Paul has to drive the point home: “Yes, you are a Jew. But being a Jew doesn’t make you righteous.” This is a hard pill to swallow if you are stuck in that worldview that the promised salvation was all about the redemption of physical Israel, the faithful among the blood descendants of Abraham. Because, they would say, “Paul, if you tell us we are sinners and don’t deserve the promise that He gave us, then why did He give it to us? How is God going to fulfill His promise?”

The charge of antinomianism could then be levelled at Paul. And then his claim that we are somehow going to be saved nonetheless, can be derided: “Sure, Paul, you are going to tell us that God is then going to be magnified all the more because he forgives our sins. But if that is the case, why does He threaten us with wrath if we sin? The more we sin, the more glorious His forgiveness is!”

That this was a real argument raised against his preaching is attested by verse 8:

Romans 3:8 and not, according as we are injuriously charged, and according as some affirm that we say, Let us practise evil things, that good ones may come? whose judgment {condemnation} is just.

And Paul’s answer to that argument at this point is: ‘You know better. If you really believe this, you deserve God’s judgment.’ But, why would they believe this? If the argument was raised at all, it had to have some logic. There had to be some validity to that argument in the minds of those who raised it. What had they missed? Paul is about to tell them.

Their problem is a problem we all have. We all can go nose blind. We can get so used to looking at the world through the glasses of our current worldview, that we fail to notice its flaws. This is why I will always claim that a worldview is no good unless you test it regularly.

To prove to them that they have gone nose blind, Paul puts a logical predicament before them. It goes like this:

If the people given the Law were not just as liable to be as sinful as the rest of the world, how come the Law is full of warnings against our sin? If those passages were not written against us, who were they written against? Who else do you think was meant to read that law?

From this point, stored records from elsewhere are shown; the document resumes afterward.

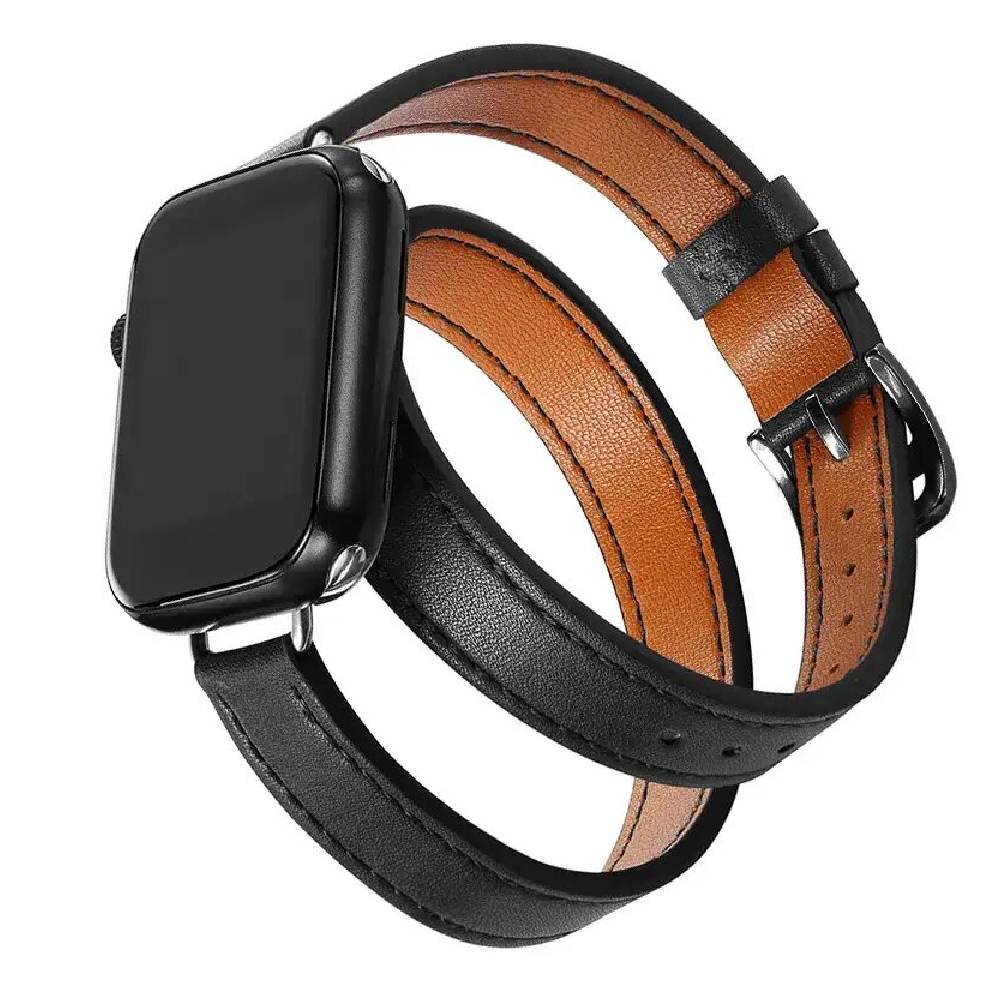 Doppelter Lederarmband für Apple Watch – Luxus und einzigartiger Stil
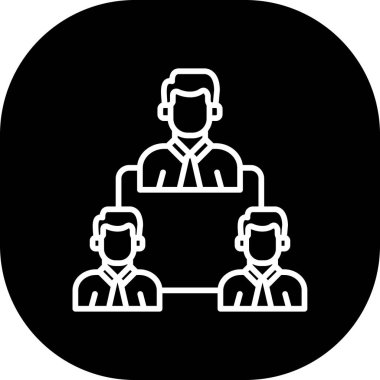 İnsan simgesinin vektör illüstrasyonu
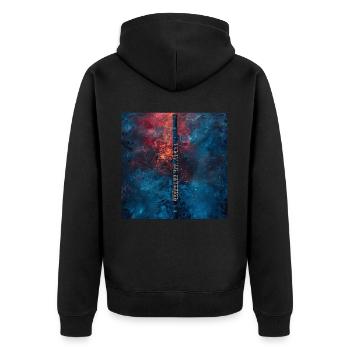 Flûte - Veste à capuche bio Premium Unisexe - noir - Dos - Nico (187cm)
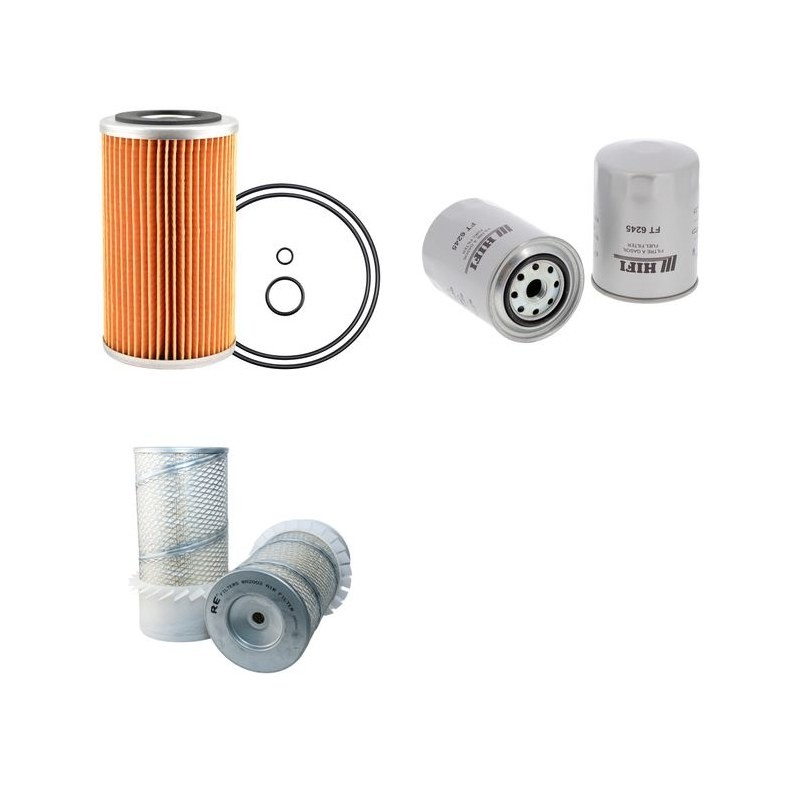 HITACHI UH 62 Filter Service Kit Air Oil Fuel Filters w/ISUZU  Eng.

Doesn’t God mean it, when He says through the prophet: Romans 3:10-11,19 …There is not a righteous [man], not even one; there is not the [man] that understands, there is not one that seeks after God...Now we know that whatever the things the law says, it speaks to those under the law, that every mouth may be stopped, and all the world be under judgment to God.

And now Paul is going to fully unveil one of his key themes of the letter:

Romans 3:20 Wherefore by works of law no flesh shall be justified before him; for by law [is] knowledge of sin.

Paul is saying: Here is the real reason we were given the Law. It was to prove to all mankind (even to the whole universe) that everyone sins. That not even us who had a complete and unambiguous rule by rule manual, that told us explicitly what was right and what was wrong, not even then were we able to choose to do right.

The works of the Law, that is, the rituals of the Law were not intended to change that reality. The Law was given to us as legal proof that sin is the ultimate problem with humanity. And no amount of knowledge or privilege can make a difference to make us “righteous.”

Jesus, said exactly the same thing: Luke 5:30-32 And their scribes and the Pharisees murmured at his disciples, saying, Why do ye eat and drink with tax-gatherers and sinners? And Jesus answering said to them, They that are in sound health have not need of a physician, but those that are ill. I am not come to call righteous [persons], but sinful [ones] to repentance.

photo of one sheep near cliff

Human righteousness is a fantasy, is a conceit. We already saw Jesus allude to that in the parable of the Pharisee and the Tax collector.

Hasn’t the way that Jesus explains the parable of the lost sheep ever struck you like an elbow jab to the ribs? Luke 15:7 I say unto you, that thus there shall be joy in heaven for one repenting sinner, [more] than for ninety and nine righteous who have no need of repentance. Haven’t you ever caught yourself thinking, “Really? Not even a little party for me, to thank me for all the trouble I go to, to do right?” (Shades of the brother of the prodigal son.) Maybe Jesus’ point is, “there is not one who is righteous, not even one.”